** Opening Data shown block **

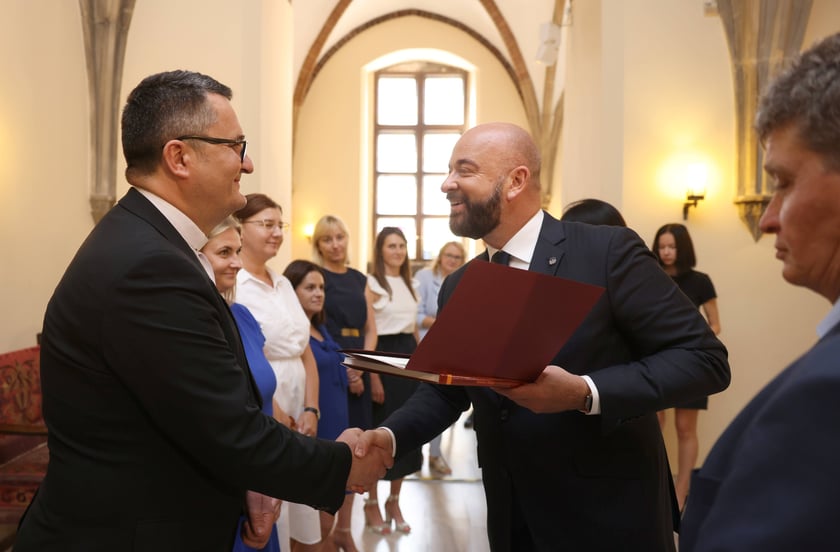 Nauczycielami mianowanymi zostało w sumie 273 nauczycielek i nauczycieli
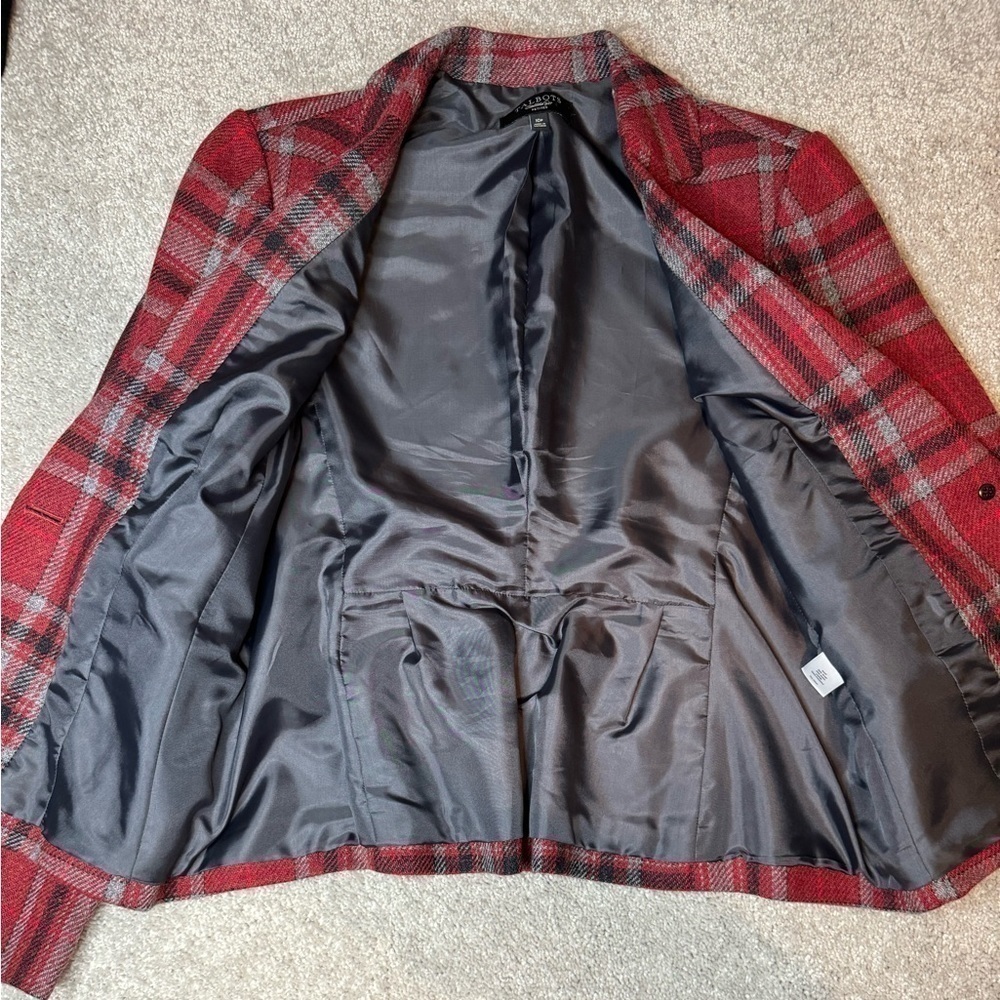 Talbots Wool, Red, Gray and Black Plaid Jacket/Blazer, Sz 10P (80% Wool) - Picture 5 of 11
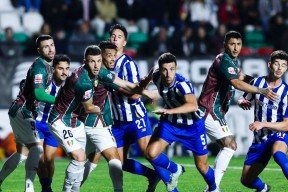 包含国际比赛日波尔图调整名单以备葡超，门线救险环节打磨，媒体盛赞，训练强度明显提升的词条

** Closing Data shown block **

Work required. Each line of the listing is to be retyped exactly, and its pictures are to be dropped.

Response to this task.
 Nauczycielami mianowanymi zostało w sumie 273 nauczycielek i nauczycieli
 Talbots Wool, Red, Gray and Black Plaid Jacket/Blazer, Sz 10P (80% Wool) - Picture 5 of 11
 包含国际比赛日波尔图调整名单以备葡超，门线救险环节打磨，媒体盛赞，训练强度明显提升的词条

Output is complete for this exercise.